And there's the disconnect. Belt-tightening exercises and generous pay raises are a strange combination.
To their credit, Benton County commissioners recently voted to freeze elected officials' pay for two years after the current series of raises ends. It's the right move but doesn't go far enough.
Blaming a quirk in the law for not doing better -- the usual response from elected officials -- is cold comfort for taxpayers.
Under state law, any salary changes approved for the county's elected officials are deferred until after the next election.
The three-year round of pay hikes Benton County officials are enjoying were approved in 2007, and only the newly elected or re-elected officials are eligible to get them.
In other words, elected officials have to face the voters before pay raises take effect. It seems like a logical safeguard against abuses.
It also works the other way, however, preventing timely pay freezes or cuts during tough times.

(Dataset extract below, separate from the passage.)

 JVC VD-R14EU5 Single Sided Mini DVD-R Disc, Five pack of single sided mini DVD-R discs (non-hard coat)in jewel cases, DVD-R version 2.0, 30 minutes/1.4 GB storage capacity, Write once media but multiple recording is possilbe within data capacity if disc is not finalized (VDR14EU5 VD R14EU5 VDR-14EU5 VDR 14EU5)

It's not clear how to fix the problem. Allowing pay cuts or freezes to take immediate effect, while still enforcing the delay on raises, might help.
Some worry that would encourage political grandstanding rather than responsible fiscal policy. We're willing to take the risk.
At any rate, we don't accept the excuse that current law leaves elected officials' hands tied. Salaries can't be changed during any current term, but raises can be donated back to the county.
That's what commissioners did in Yakima County. And it's what we suggested to Franklin County commissioners a couple of months ago, not that it did much good. Franklin County is facing particularly tough times, with overall budget cuts of around 9 percent this year.
Granted, even if every elected official agreed to return pay raises until county revenues improve, it wouldn't amount to a big percentage of Benton County's $52 million budget.
Even so, it would be a meaningful gesture -- one that would be handy to point out during labor negotiations or while explaining to constituents why county services face fiscal constraints.
Freezing raises after 2012 is good. Refunding raises today is better.